In researching the methodology to become a recognized SME for FITS and being evaluated by the head of the FAA FITS entity, I learned so much about the usage of what we individually perceive as SBT.


I think we can separate SBT into three areas.


In the evaluation of pilot applicants, DPEs/ASIs are tasked with placing/grouping Areas of Operation/Tasks into scenarios to judge the head working skills along with the flying (maneuvers) skills. Also, the PTS requires a diversion (scenario) to address. These diversion type scenarios are called Scenario Interjection Training (SIT). CFIs train applicants to address these scenarios, usually weather or fuel related issues to address decision wise. They are valuable in flight training.


Mission focused entities like the military, S&R, CAP, airlines, 135 operators, utility operators, etc. can use SBT revolving around Line Oriented Flight Training (LOFT) where qualified PICs are exposed to the realities of various missions/scenarios and can make decisions based on the situation/s at hand.


The FITS SBT Methodology is designed to be an ab initio training program continuing through various certificate levels. It revolves around the teaching/instilling of the elements of the three core concepts. It addresses flying skills to the application level(PTS) or beyond and head working skills to the correlation level and graded on every flight. This methodology requires training of CFIs/educators to understand and apply. This is what the Facilitator Course that I offer addresses. It is NOT the same old thing with some new acronyms! Familiarization with the methodology will validate this fact.

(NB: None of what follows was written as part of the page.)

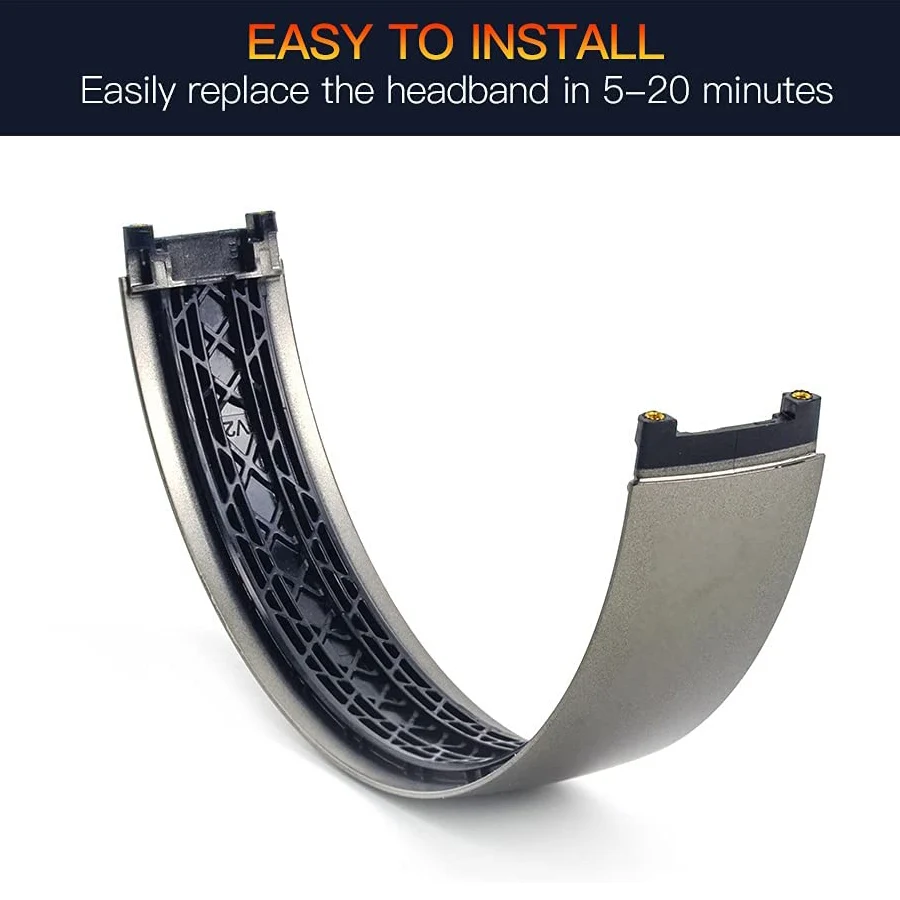 Bandeau de remplacement pour casque Studio 2.0, pièces de réparation, coque en plastique pour faisceau de casque Beats Studio2.0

A link to my web site with a brief description of the FITS SBT Methodology is here:





There is a Power Point presentation I can offer that is "Wings" approved and also in the TCO of a FIRC. Anyone interested in the PP can request it via e-mail. (on the web site). I have offered this here on VR in the past.


On another note, I do not claim to have invented anything, especially not SBT! I did see the need for a course to educated flight school owners, administrators, college professors, CFIs, etc. and created one. There are now 106 qualified FITS SBT Facilitators. This includes 3 DPEs.


I do not try to bring FITS SBT to flight schools. Flight schools must approach me with a total buy in/revamp of curriculums mentality.


The Methodology is working as shown with feedback from the field and it is also gaining recognition & respect from operators.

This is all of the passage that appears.